As Thorrin sipped his wine next something took hold in the back of his mind. A fleeting touch for want of something better. It was Maren, but moreover it was the image of his daughter. The one that he named for everything he wanted, Hope. All at once it came flooding to him, the reason that he wanted to talk to Maren, everything. She reminded him of the daughter he rarely spoke to, the one he decided to let time take its course without his meddling. In that instance there was a connection, one that Thorrin allowed. Outwardly, he let nothing on, he sipped, and set his glass down before continuing on.
"Maren, this ship can take you home right now if it is something that you want. You are too right, everyone would do it, that is if they knew that this ship even existed. Which does bring us to the next salient point of this conversation. If you stay here you have two options. The first is to remain on this vessel as part of the crew with no contact to the rest of this universe. The second would be that you would be allowed to leave and seek your way in this universe. However, you would not be able to speak of us or this vessel. In fact, if need be we can delete your memories of this vessel. This is something that I do not want to do." Thorrin leaned forward and stroked his chin thoughtfully. "As to the logs. As of this moment anything that is not classified is clear for your viewing." He paused long enough to tap a few commands into the console on his desk. "I can give you a day to mull it over and let us know your decision. For the time being Commander Sandoval here can escort you to quarters where you can get cleaned up have a warm meal and some privacy. You are no prisoner here, so feel free to move about the ship."
Maren listened without interrupting, her fingers still resting around the PADD in her lap as the two of them laid out what staying actually meant. The more Thorrin spoke, the more the shape of it became clear. Stay on this ship, cut off from the rest of the universe. Leave the ship, but keep silent about it. Go back, if she wanted, to a life that had almost killed her already and would probably try again the second she landed in it.
She was quiet for a long moment after he finished, her gaze drifting toward the stars beyond the ready room viewport. Outwardly, she looked like she was still weighing it, still caught between choices she wasn’t ready to make. In truth, part of her had already started moving ahead of the conversation. A universe where Starfleet still existed, where ships weren’t scavenged ghosts and databases weren’t patched together from whatever the Dominion hadn’t burned, was not something she could afford to dismiss. If there was a way to learn here, to take something back with her one day that might actually matter, then that was worth more than whatever comfort there might be in running blindly home.
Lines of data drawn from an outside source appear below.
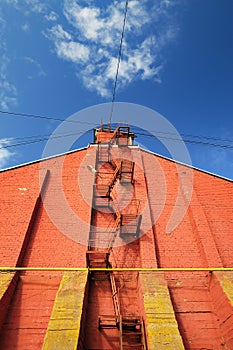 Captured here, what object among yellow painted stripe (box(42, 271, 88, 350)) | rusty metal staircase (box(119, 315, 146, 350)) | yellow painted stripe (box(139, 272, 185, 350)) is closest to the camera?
yellow painted stripe (box(42, 271, 88, 350))

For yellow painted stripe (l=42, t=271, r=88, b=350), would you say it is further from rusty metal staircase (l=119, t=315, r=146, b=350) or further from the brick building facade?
rusty metal staircase (l=119, t=315, r=146, b=350)

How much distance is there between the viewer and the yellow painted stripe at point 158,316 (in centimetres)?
505

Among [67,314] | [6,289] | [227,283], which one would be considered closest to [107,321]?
[67,314]

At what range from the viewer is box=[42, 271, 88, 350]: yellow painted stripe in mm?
4814

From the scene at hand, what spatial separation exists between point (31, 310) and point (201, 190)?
7780 mm

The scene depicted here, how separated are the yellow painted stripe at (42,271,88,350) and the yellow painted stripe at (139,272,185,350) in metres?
1.61

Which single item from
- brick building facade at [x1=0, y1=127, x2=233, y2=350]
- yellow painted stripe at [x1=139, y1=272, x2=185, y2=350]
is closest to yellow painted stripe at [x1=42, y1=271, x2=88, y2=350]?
brick building facade at [x1=0, y1=127, x2=233, y2=350]

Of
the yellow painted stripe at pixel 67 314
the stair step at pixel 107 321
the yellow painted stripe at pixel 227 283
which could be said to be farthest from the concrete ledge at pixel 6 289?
the yellow painted stripe at pixel 227 283

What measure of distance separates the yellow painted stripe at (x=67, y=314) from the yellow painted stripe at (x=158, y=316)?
1.61 metres

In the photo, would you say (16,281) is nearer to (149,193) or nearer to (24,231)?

When she finally looked back at Thorrin, her expression had settled into something calmer, if no less serious. “A day’s fine,” she said, her voice quieter now, the fight mostly burned off into thought. “I’ll think about it.”
Her hand tightened faintly around the PADD before she let it relax again. “And I’d like the quarters,” she added after a moment, glancing briefly toward Marisa. “And the logs. I want to read those.”
Then, before she could think too hard about it, she reached for the wine.
The glass was cool in her hand. She lifted it, hesitated for the smallest beat as if reconsidering whether this was a terrible idea, and then tipped the rest back in one go. The flavour hit fast and far stronger than she’d expected, warm and dry and much too adult for the amount she’d just swallowed at once. She managed not to cough, which felt like a victory, but she could feel the heat rising almost immediately into her cheeks. Annoying.
She set the empty glass back down with as much composure as she could fake and leaned back in the chair like none of that had happened.
“Okay,” she said, a faint flush still high on her face no matter how much she tried to ignore it. “That is definitely fancier than anything I’ve ever stolen a sip of before.”
Her eyes flicked toward Thorrin, then to the bottle, and a tiny bit of her usual attitude returned, lighter now, more teenage than sharp. “You really do make everything feel kind of dramatic, don’t you?”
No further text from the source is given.